Рада, что Вы на посту. Благодаря Вашим стараниям работа над архивами идет полным ходом.

Желаю успеха.

С уважением Л.Н.Повзикова».

 На скорбную весть откликнулся и академик Российской академии образования, мой ближайший друг и учитель, Борис Михайлович Бим-Бад, которому я сразу переслал, в числе других знавших Апраушева людей, свою переписку с Лидией Николаевной по поводу его смерти:

 «Дорогие коллеги! Помню Альвина Валентиновича бодрым, всегда готовым перейти от улыбки к смеху, трудягу. Я написал рецензию на его учебник и опубликовал в «Советской педагогике». Несколько лет назад позвонил ему, чтобы поздравить с его днём рождения. Как же он обрадовался. Много созидательного и доброго совершил дорогой Апраушев. Помню, ценю, надеюсь увидеться с ним там — за горизонтом.

Ваш БББ».

 «Дорогая Лидия Николаевна!

Я сообщил о смерти Олега Валентиновича Галине Константиновне Епифановой, директору детдома.

Надеюсь, оттуда кто-то будет на прощании.

Юлия Майорова тут на летней школе, сказала мне вчера, что ездила к Вам работать над архивом. Очень рад, я десять лет никак не мог сдвинуть с места эту колымагу, Апраушев мечтал о музее, теперь он существует при детдоме. И вообще с появлением фонда «Со-единение» колымага эта наконец-то заскрипела. Апраушев был бы счастлив, он огорчался, что мне никак не удавалось её сдвинуть…

Держитесь, пожалуйста, спасибо Вам за заботу о Нём.

Ваш А.В.Суворов».

 «Уважаемый Александр!

Спасибо за заботу. На проводы приехали сотрудницы д/д, которые работали с А.В., отец Антона, у которого Альвин был гуверменом.

С уважением, Повзикова Л.Н.»

 2

 Альвин Валентинович Апраушев родился 25 января 1930. В 1943 году подросток убежал на фронт, и в прифронтовой неразберихе подорвался на мине, лишился правой ноги. Всю оставшуюся жизнь — на протезе. Но не знавшие об этом и не догадывались ни о чём: в молодости он на этом протезе даже танцевал, и до глубокой старости катался летом на велосипеде, зимой — на лыжах.

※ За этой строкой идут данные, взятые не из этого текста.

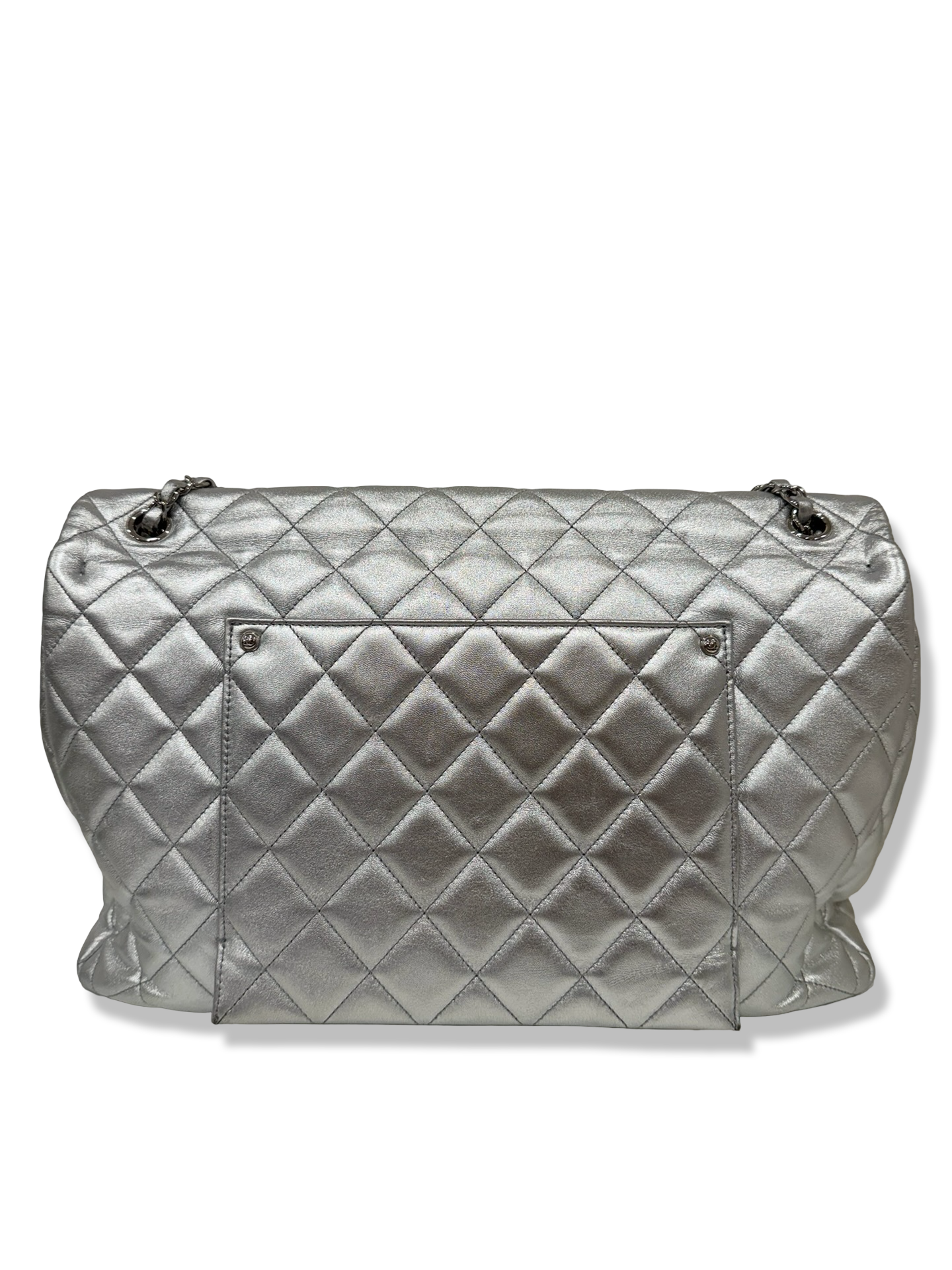 Chanel Quilted Lambskin XXL Airport Single Flap - SHW / Metallic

Не знаю точно анкетных данных — где учился и работал. Он рассказывал, что, кроме всего прочего, работал на химическом заводе, производившем химическое оружие. Поэтому квартиру получил в военном городке под Загорском (ныне Сергиев Посад), и когда мама приезжала ко мне в Загорский детский дом для слепоглухонемых, мы с ней несколько раз ездили к  нему в гости в этот военный городок. Участвуя в художественной самодеятельности, он играл на корнете в духовом оркестре, в том числе приходилось играть и на похоронах…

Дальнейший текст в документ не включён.